Karabi Kadam Jhumka
Here's what we're going to sign off with this Puja week because we stay away from commercialising culture and will not impress upon you the ceaseless passion with which we pursue our calling in a t...
Here's what we're going to sign off with this Puja week because we stay away from commercialising culture and will not impress upon you the ceaseless passion with which we pursue our calling in a time when your mind is steeped in thoughts of worship, your heart calls out to commingle with those whom you've felt are closest to you but whose company you've been bereft of for reasons of work and family, and your soul stirs with the beat of the dhak every morning and tells you you're home, you're home, you're home in the truest of all senses.
This jhumka is a homecoming too. Made for a young cine-star who recently got married, it's the companion piece to the necklace she wore on her wedding day but, while including some of the motifs from that goyna, isn't really an exact match.
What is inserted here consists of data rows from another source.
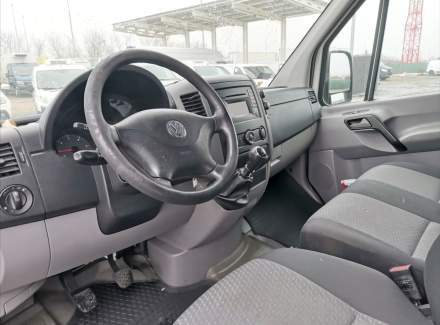 Volkswagen - Crafter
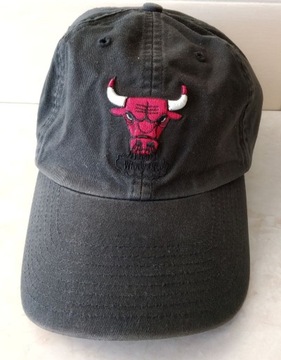 Czapka Chicago Bulls Windy City XL bawełna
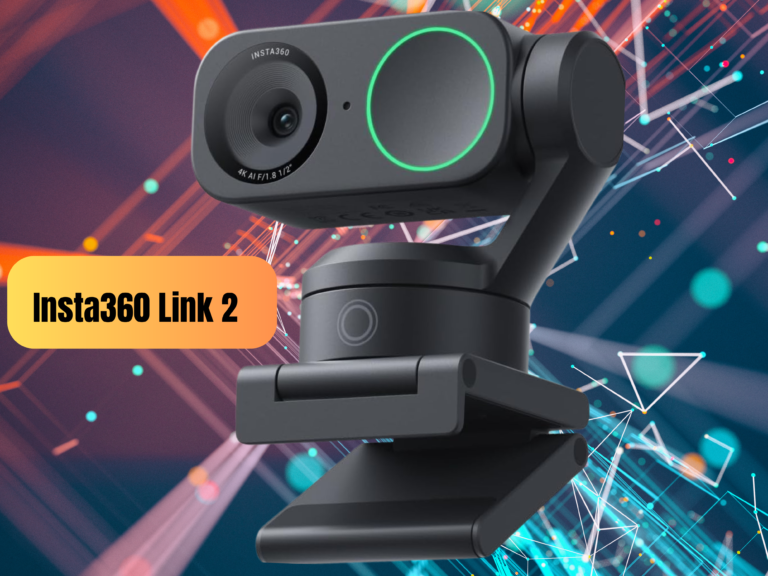 Insta360 Link 2 Review: A Game Changer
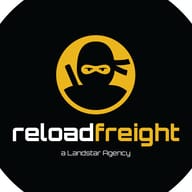 Reload Freight logo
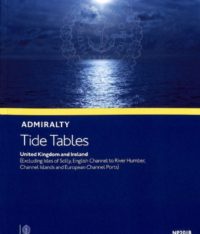 NP201B Tide Tables Vol. 1B 2024
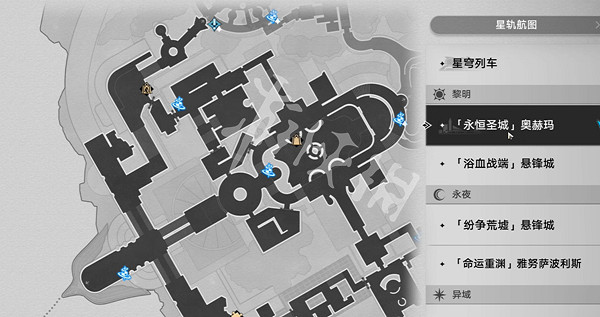 崩壞星穹鐵道毀滅雕像的權利成就達成攻略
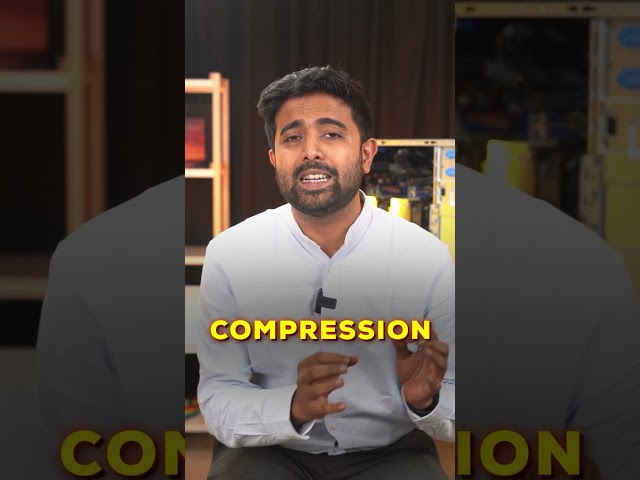 Compression Algorithms Explained - How are Large Videos Streamed Instantly on Social Media Apps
It also isn't a dangler at all but more a traditional earring made especially prominent by the wide umbrellas and is proportioned so that the wire, ball and katai pashas seem (and are a wee bit) larger than the width of the jhumkas. The distinct difference in the workmanship of the upper and lower part of the jewel is evident in the rusticity of the jhumka's pierced naksha phul-lata-pata scrolling against the clear fretwork of the three-tiered surround of the pasha that culminates in a double-ball border. What this fretwork frames is what connects it to the jhumka : a solitary raktakarabi in the centre of a plain hand-beaten plaque, the latter clearly showing it's rough-hewn character which speaks of a primal force that births all the gentle beauty that emanates from it. Beneath the chhata of the jhumka you'll see a festoon of gold kadamphul and this ties in with the raktakarabi as two of the favourite flowers of Ma Durga in a season in which we acknowledge as much her vanquishing of evil as we do her coming to her "Baap-er Bari".
The wedding earring of a vivacious, beautiful and gracious film personality whose name is another for Ma Lakshmi, this pair of jhumkas is nothing short of divine when you consider the nature of the motifs it works into its design and for whom, in celestial terms, the ornament has been made. Reasonably, the pair, handcrafted with the greatest of care and patience in deep yellow guinea-gold given a vermilion polish, will be one that'll be immortal.